5 Stocks Pushing The Services Sector Lower

Editor's Note: TheStreet ratings do not represent the views of TheStreet's staff or its contributors. Ratings are established by computer based on metrics for performance (which includes growth, stock performance, efficiency and valuation) and risk (volatility and solvency). Companies with poor cash flow or high debt levels tend to earn lower ratings in our model

All three major indices are trading down today with the Dow Jones Industrial Average ( ^DJI) trading down 47 points (-0.4%) at 12,708 as of Wednesday, Nov. 14, 2012, 11:49 AM ET. The NYSE advances/declines ratio sits at 733 issues advancing vs. 2,191 declining with 116 unchanged.
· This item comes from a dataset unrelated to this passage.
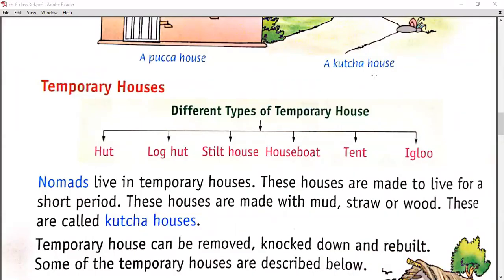Good morning students. In the last video we discussed about houses - why we live in houses, how houses protect us, and the different types of houses: permanent houses and temporary houses. In today's class we are going to discuss the different types of temporary houses - hut, log hut, stilt house, houseboat, tent, and igloo. But before that, let's do a quick review of temporary houses.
The Services sector currently sits down 0.5% versus the S&P 500, which is down 0.3%. On the negative front, top decliners within the sector include Ryanair Holdings ( RYAAY), down 5.3%, Delta Air Lines ( DAL), down 3.2%, United Continental Holdings ( UAL), down 2.6%, eBay ( EBAY), down 1.6% and Sirius XM Radio ( SIRI), down 1.8%. Top gainers within the sector include Abercrombie & Fitch ( ANF), up 27.3%, Dollar General Corporation ( DG), up 1.5%, Whirlpool Corporation ( WHR), up 1.3%, Kohl's ( KSS), up 1.0% and Directv ( DTV), up 0.5%.
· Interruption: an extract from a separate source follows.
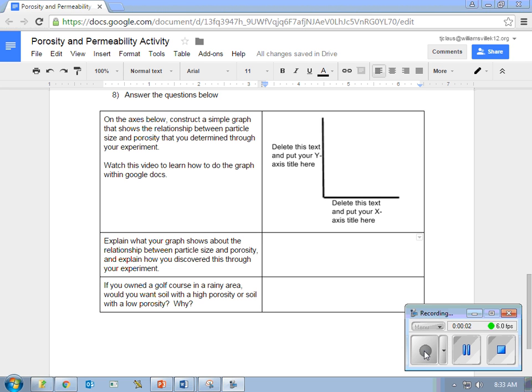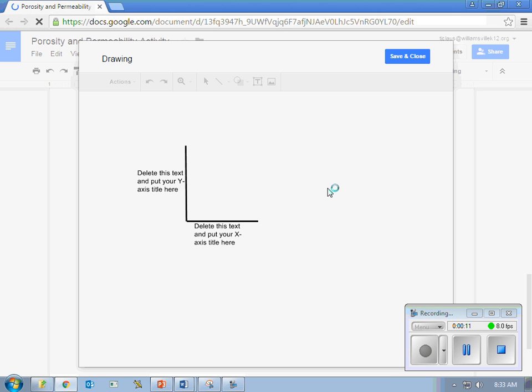Hi everybody, this is Mr. Claus and this video will show you how to edit your simple graph within Google Docs. So all you're going to do is double click right on the graph that'll take you into where you can edit the drawing.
TheStreet Ratings group would like to highlight 5 stocks pushing the sector lower today:

5. CVS Caremark ( CVS) is one of the companies pushing the Services sector lower today. As of noon trading, CVS Caremark is down $0.31 (-0.7%) to $45.92 on average volume Thus far, 2.9 million shares of CVS Caremark exchanged hands as compared to its average daily volume of 5.9 million shares. The stock has ranged in price between $45.87-$46.40 after having opened the day at $46.26 as compared to the previous trading day's close of $46.23.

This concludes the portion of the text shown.